Tout comédien rêve de mourir sur scène. Hélas la plupart des comédiens meurent dans leurs lits comme ce fût le cas pour Molière. Pour preuve les mots de Lagrange que l’on peut lire dans son registre : « Ce même jour après la comédie, sur les 10 heures du soir, Mr. de Molière mourut dans sa maison rue de Richelieu, ayant joué le rôle du Malade imaginaire, fort incommodé d’un rhume et fluxion sur la poitrine qui lui causait une grande toux, de sorte que, dans les grands efforts qu’il fit pour cracher, il se rompit une veine dans le corps et ne vécut pas demi-heure ou trois quarts d’heure depuis ladite veine rompue, et est enterré à la paroisse Saint-Joseph, aide de la paroisse Saint-Eustache.
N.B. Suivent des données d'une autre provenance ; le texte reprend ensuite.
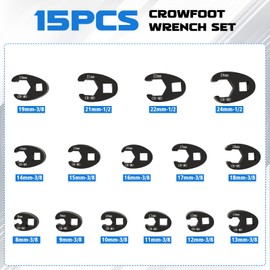 LIROPAU 15-Piece Crowfoot Wrench Crowfoot Wrench Socket Wrench Flare Nut Wrench Set Metric and Standard, Torque 1/2 Inch 3/8 Inch External Square Drive 8-24 mm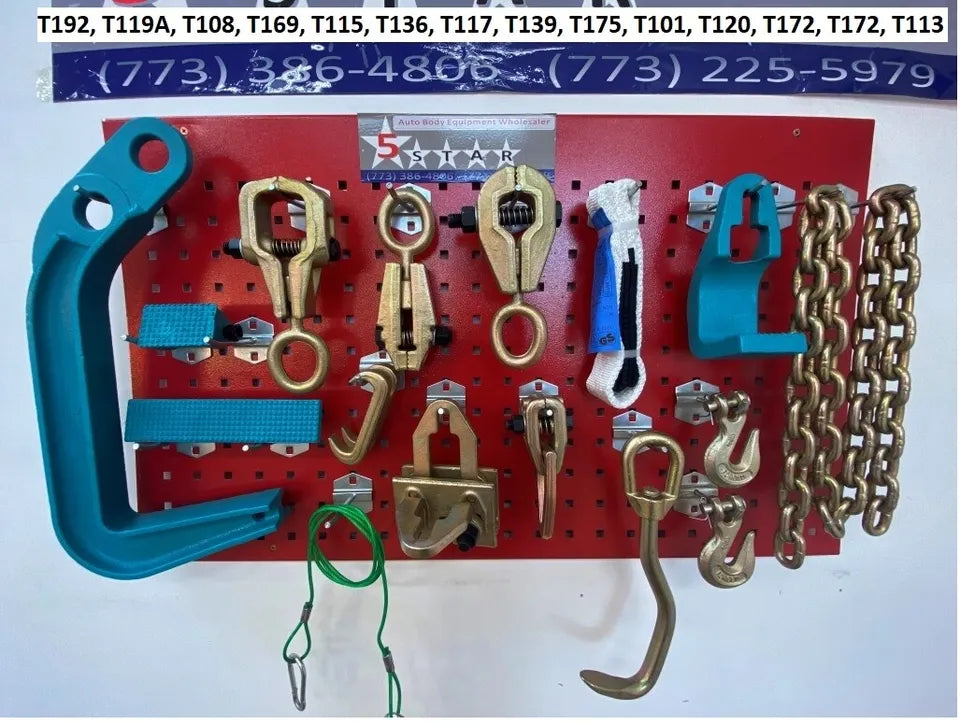 SET#55 - 16 PIECE HEAVY DUTY AUTO BODY FRAME MACHINE PULLING TOOLS AND CLAMPS SET#55 - 16 PIECE HEAVY DUTY AUTO BODY FRAME MACHINE PULLING TOOLS AND CLAMPS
Il y a une tombe élevée d’un pied de terre. »

 

La couleur verte

 

On dit que Molière serait mort dans un costume vert et que c’est pour cela que le vert est toujours banni sur scène par les comédiens. La version en est un peu moins romantique. Le vert était une couleur a éviter sur scène car à l’époque, la lumière des bougies renvoyées par les réflecteurs donnait un ton blafard aux comédiens. Molière jouait quant à lui le Malade imaginaire dans une robe de chambre mais pas du tout verte !

 

Les comédiens excommuniés

 

Molière jeune

On pensait que l’église excommuniait tous les comédiens et que Molière a fini dans une fosse commune. Ceci est totalement faux. Les comédiens avaient droit à une sépulture si ceux-ci, avant de mourir, se confessaient et reniaient leur métier. Beaucoup le faisaient et pouvaient être enterrés en terre sainte. Malheureusement, Molière qui était croyant n’a pas eu le temps de se confesser avant l’arrivée du prêtre. Il a fallu l’intervention de l’archevêque et du roi pour que Molière puisse être enterré au cimetière des innocents et de nuit pour ne pas attirer les curieux. Pourtant, on dit qu’une centaine de flambeaux entouraient le cercueil. Il fût enterré non pas comme comédien mais comme tapissier et valet du roi. Il rejoignait cette corporation au trépas. Tapissier il avait été, tapissier il redevenait.

 

Armande en hommage à son mari

 

Armande fit déposer une stèle de pierre sur la tombe de Molière. On dit qu’en souvenir de son mari, elle paya des fagots de bois pour les plus pauvres afin qu’ils puissent se réchauffer. Dès que l’hiver se fit un peu plus rude, on fit brûler un énorme bûcher sur cette dalle. A la chaleur, la pierre se fissura et éclata. Le temps dispersa ses débris.